Dave mengungkapkan dari sisi anggaran, dukungan pemerintah tidak hanya difokuskan pada belanja operasional, tetapi juga diarahkan untuk memperkuat pengembangan industri pertahanan dalam negeri. Skema pembiayaan baru mulai dijalankan melalui kerja sama antara pemerintah, BUMN, dan mitra swasta. 

"Sejumlah proyek strategis seperti kapal perang, kendaraan tempur, dan pesawat angkut telah berjalan dengan pola pembiayaan campuran, sehingga semakin memperkokoh fondasi industri pertahanan nasional," katanya.

Terkait pengadaan tanpa impor alutsista, Dave Laksono nenilai Indonesia memang masih menghadapi tantangan dalam hal ketersediaan komponen tertentu. Namun, tren produksi lokal suku cadang terus meningkat. 

PT Pindad, PT Dirgantara Indonesia, dan PT PAL telah menunjukkan kemampuan nyata dalam memproduksi alutsista dengan kandungan lokal yang semakin besar, sehingga arah menuju kemandirian semakin jelas.

Pindad Maung MV1 dan MV2 4x4 Diperkenalkan di IIMS 2026
Pindad Maung MV1 dan MV2 4x4 Diperkenalkan di IIMS 2026
Sumber :
  • Istimewa

"Peran BUMN pertahanan menjadi tulang punggung utama dalam produksi alutsista, sementara BUMS hadir sebagai mitra strategis yang memperkuat rantai pasok melalui penyediaan komponen, teknologi, dan inovasi. Sinergi antara keduanya menjadi kunci agar industri pertahanan nasional tidak hanya mampu memenuhi kebutuhan dalam negeri, tetapi juga berpeluang menembus pasar internasional," katanya.

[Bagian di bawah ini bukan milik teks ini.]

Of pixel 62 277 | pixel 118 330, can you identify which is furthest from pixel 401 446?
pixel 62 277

Beberapa BUMN industri pertahanan seperti PT Pindad, PT PAL Indonesia, dan PT Dirgantara Indonesia telah menunjukkan peningkatan kapasitas produksi, termasuk produksi kendaraan taktis, kapal perang, hingga pesawat CN-235 dan NC-212.

Di sektor swasta, PT Nanggala Kencana Rekatama Indonesia (NKRI) di Bandung, perusahaan swasta murni yang telah mengantongi lisensi resmi Kementerian Pertahanan . 

PT NKRI memproduksi berbagai komponen seperti selongsong peluru, proyektil, serta komponen mekanik presisi untuk pesawat, kapal, dan kendaraan taktis. 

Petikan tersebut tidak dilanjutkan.